- Your task -
From the line containing "Этот шарик не простой Этот" to the end of the records, print every line exactly, both ends included, and leave out the pictures.

- Materials provided -

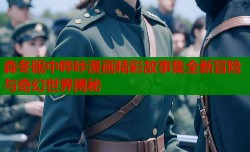 森冬眠中哔咔漫画精彩故事集全新冒险与奇幻世界揭秘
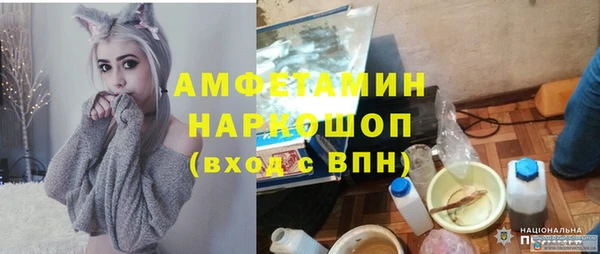 не бодяженный Алексеевка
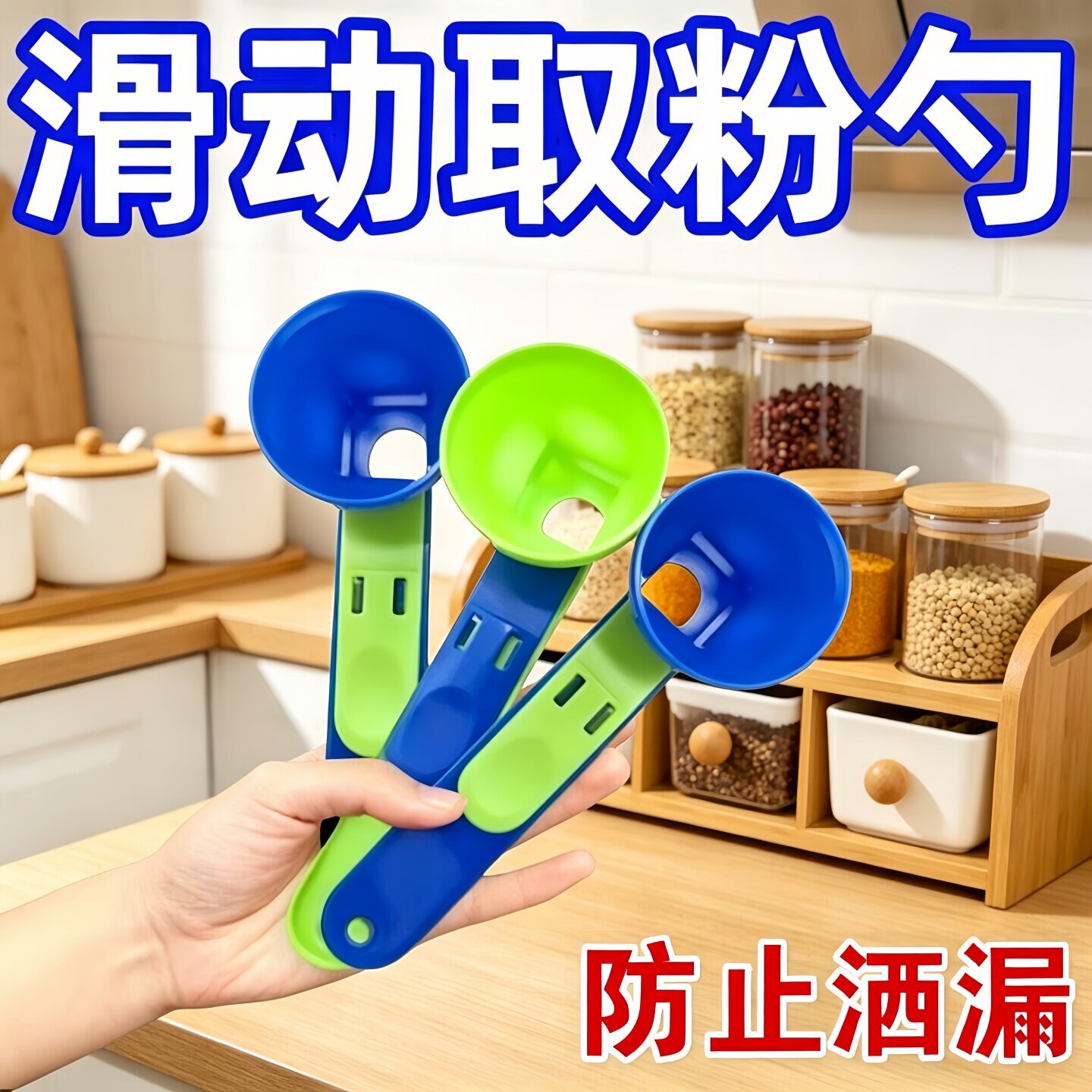 新款多功能量勺漏斗防漏款出料嘴创意蛋白粉滑动勺咖啡奶粉防漏勺图片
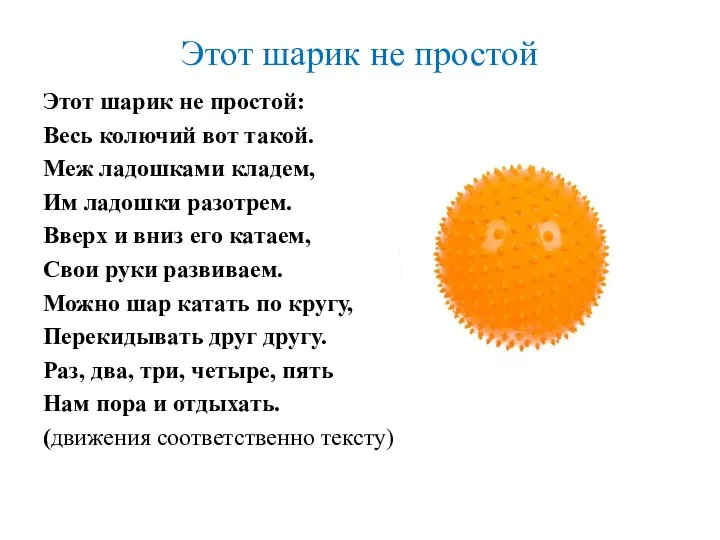 Этот шарик не простой Этот шарик не простой: Весь колючий вот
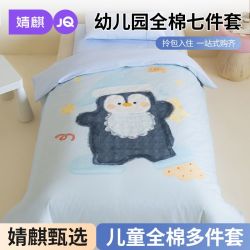婧麒 儿童全棉七件套家用宝宝纯棉六件套幼儿园开学午休床上套件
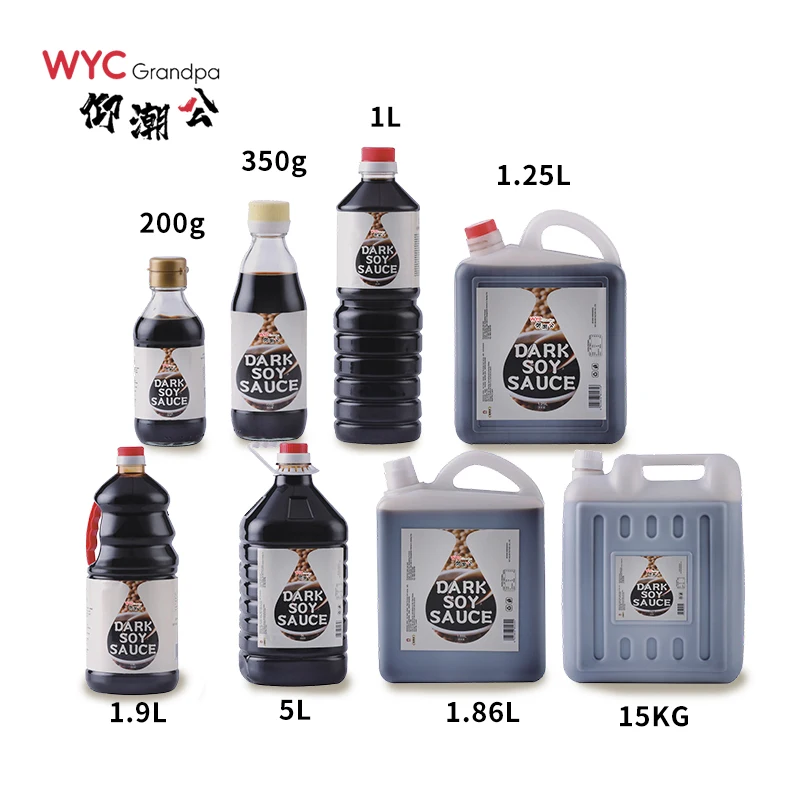 Hot Sales 15kg 5L 1.86L 1.25L 1L PET bottle Classic Traditional dark mushroom soy sauce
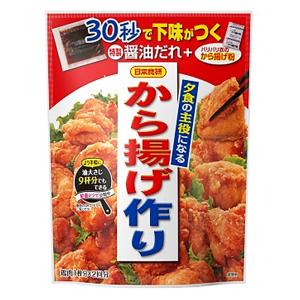 日本食研 から揚げ作り 128g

- Solution to the exercise -
 Этот шарик не простой Этот шарик не простой: Весь колючий вот
婧麒 儿童全棉七件套家用宝宝纯棉六件套幼儿园开学午休床上套件
 Hot Sales 15kg 5L 1.86L 1.25L 1L PET bottle Classic Traditional dark mushroom soy sauce
 日本食研 から揚げ作り 128g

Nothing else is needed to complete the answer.